Christine explained what happened inside her car next as she and Chris sat, talking about what he (“alone”) had done inside the house. “He had no sympathy at all for what happened and what he told me he did, explain like, you know, what happened. He told me he was, like, you know, say this if the cops are, like, asking you anything. You tell them that you did this, or whatever.”
All Snider said about what had happened inside the house was “I shot them,” according to Christine. She made it sound as though she was in no position to press him for details. She claimed that she slept with her mother for a week after he murdered her four friends. But that she never told her mom anything. Never told friends. Never told anyone.
“Christine,” Harris asked, “you were with him for at least three months after that, so within that three months he tells you details, okay? You saw news clips. You saw things. What were the details he told you that happened?”
“Nothing was really said after it happened, but there was times when the news came on and, like, they did say that, um, like, they weren't just beat or something. You know, I always asked him questions and stuff, you know. It made me feel real . . . I couldn't tell anybody. I felt I didn't think it was real, you know. I thought usually he was trying to show off, and I didn't want to . . . He always checked my phone.”
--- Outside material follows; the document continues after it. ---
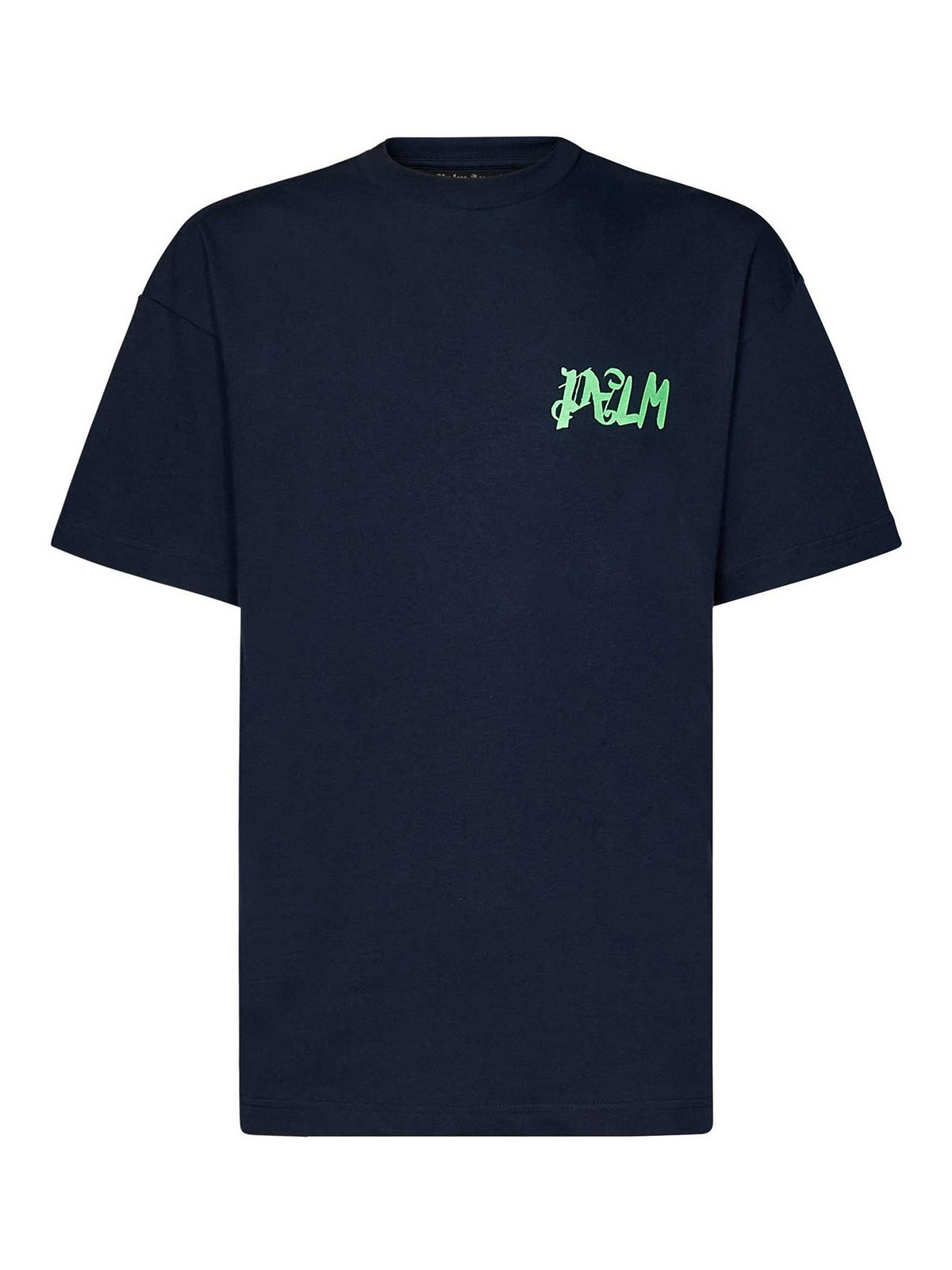 Palm Angels Cotton Jersey T-shirt In Blue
The truth was that Christine Paolilla called Chris Snider incessantly after the murders, at all times of the day and night. It got so bad, Chris's mother later said, “I had to keep buying phones, because our phone was drained so much it wouldn't recharge.” And the idea that Christine was scared of Snider was further quashed by a statement Snider's mother later gave in reference to their relationship before and after the murders: “Chris was so sick to death of Christine, but would always answer her calls, and meet with her. I asked him one day, ‘What does she have over/on you? That Christine is crazy.' ”
Chris responded, “Mom, you have no idea.”
Harris wasn't buying this version, either. He was beginning to press Christine for more detail, hoping to pin her down to a version HPD could later tear apart.
“In order for that road toward mercy,” Harris said, going back to his original (spiritual) plea, “I need complete honesty.”
“I am! God, I'm telling you,” she said.
“And sometimes that's some of the bad with the good, okay?”
“I'm being
honest
with you.”
Harris went into some of what Justin Rott had told HPD (in the adjacent room), without giving Christine too much detail. “Why would your husband tell us . . . that one of them was crawling on the ground and that you admitted to striking Rachael?”